Undergraduate study - 2020 entry

Degree Programme Specification 2019/2020

MA (Hons) French and Linguistics

To give you an idea of what to expect from this programme, we publish the latest available information. This information is created when new programmes are established and is only updated periodically as programmes are formally reviewed. It is therefore only accurate on the date of last revision.
Awarding institution: The University of Edinburgh
Teaching institution: The University of Edinburgh
Programme accredited by: N/A
Final award: MA (Hons)
Programme title: French and Linguistics
UCAS code: RQ11
Relevant QAA subject benchmarking group(s): ‘Languages’, ‘Area Studies’ and ‘Linguistics’
Postholder with overall responsibility for QA: Head of School of Literatures, Languages and Cultures
Date of production/revision: May 2012

External summary

Beyond the intensive study of the French language, French Studies at Edinburgh allows you to explore the exciting contribution of French speakers to world culture. Some of the most striking literary texts ever written are in French, French cinema is one of the world’s richest and Paris has long been the centre of the art world. French political and philosophical ideas have played a central role in creating our modern civilisation. As a large subject area, the French Section at Edinburgh can offer undergraduates a wide range of courses spanning from the Middle Ages to the twenty-first century, including specialist options in literature, film and politics taught by leading specialists in their field.

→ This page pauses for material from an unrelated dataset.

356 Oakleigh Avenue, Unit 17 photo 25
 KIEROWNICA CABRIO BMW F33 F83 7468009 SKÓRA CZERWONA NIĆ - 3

There are high-quality resources to support French students in Edinburgh: in the most recent RAE, 55% of research in French Section was rated as 4* world-leading or 3* internationally excellent. The National Library of Scotland has one of the best French collections in Britain and the University Library holds a very extensive collection of books, journals and electronic resources. Edinburgh is home to the Institut Francais d’Ecosse which runs regular lectures, films, exhibitions and concerts related to French culture. You will also have the opportunity to join the successful French drama group Les Escogriffes, which has performed at the Edinburgh Festival Fringe.  You will spend a year working or studying in France as part of your degree. You may attend a university, work as a language assistant in a school, or gain work experience independently. The French Section has numerous exchange programmes (through Erasmus) with prestigious universities and Grandes Ecoles in France and Belgium (Paris IV Sorbonne, Paris Dauphine, Institut d’Etudes Politiques Lyon, Rennes and Grenoble, Université Libre de Bruxelles, etc.), which provide high quality courses.

Linguistics is concerned with learning more about how language is acquired, produced and understood; how language functions in interaction between individuals and in society; what its abstract structure is and how it is represented in the brain; and how language changes over time.  Students studying Linguistics as part of their degree programme gain the ability to identify and clearly describe the systematicity underlying complex surface-level systems.

Educational aims of programme

The MA Honours French and Linguistics degree programme at Edinburgh is designed to develop the student’s interest in, and complex knowledge and understanding of the target country or countries, including their language, history, culture and social issues.  This degree programme at Edinburgh is designed to develop the student’s interest in, and complex knowledge and understanding of the target country or countries, including their language, history, culture and social issues.  Students will develop the relevance of linguistic theoretical concepts and methods to the study of English.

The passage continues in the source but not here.